→ **Required work**
Each record is to be copied exactly, with its pictures left behind.

(Pictures with short captions)
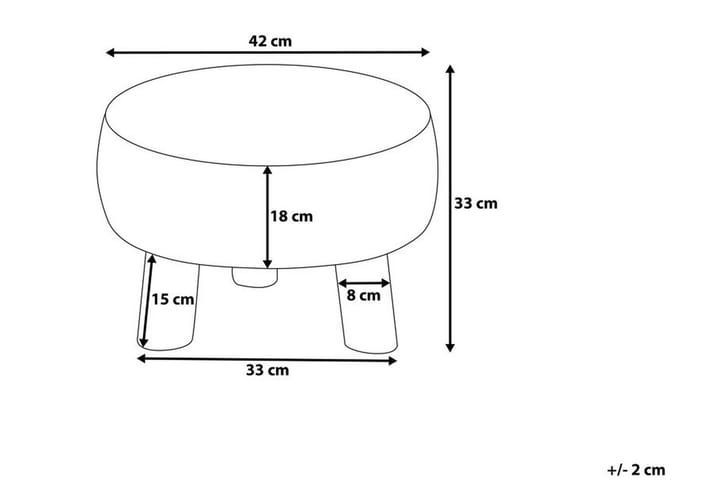MUNDRA Fotpall 42|42 cm - Möbler - Vardagsrum - Stolar & sittmöbler - Pallar - Fotpall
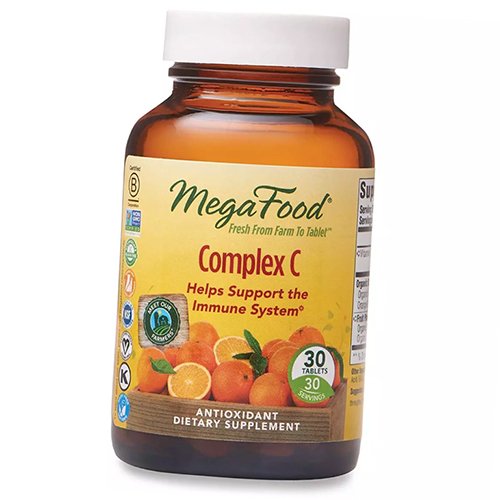 Ежедневная поддержка здоровой иммунной системы, Complex C, Mega Food 30таб (36343036)
Ежедневная поддержка здоровой иммунной системы, Complex C, Mega Food 30таб (36343036)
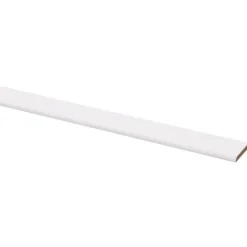 Afdeklijst MDF wit folie 4x30 mm 260 cm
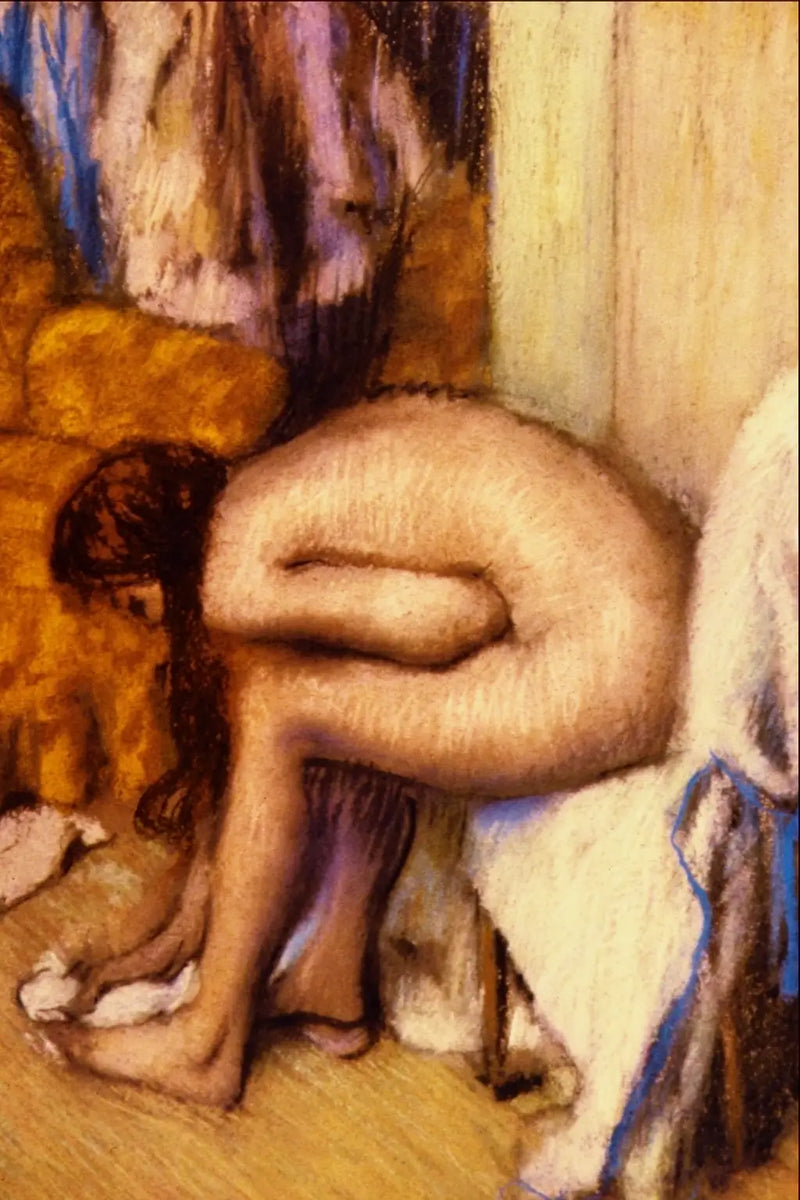 Femme à sa toilette essuyant son pied gauche - Edgar Degas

→ **Solved problem**
MUNDRA Fotpall 42|42 cm - Möbler - Vardagsrum - Stolar & sittmöbler - Pallar - Fotpall
 Ежедневная поддержка здоровой иммунной системы, Complex C, Mega Food 30таб (36343036)
Ежедневная поддержка здоровой иммунной системы, Complex C, Mega Food 30таб (36343036)
 Afdeklijst MDF wit folie 4x30 mm 260 cm
 Femme à sa toilette essuyant son pied gauche - Edgar Degas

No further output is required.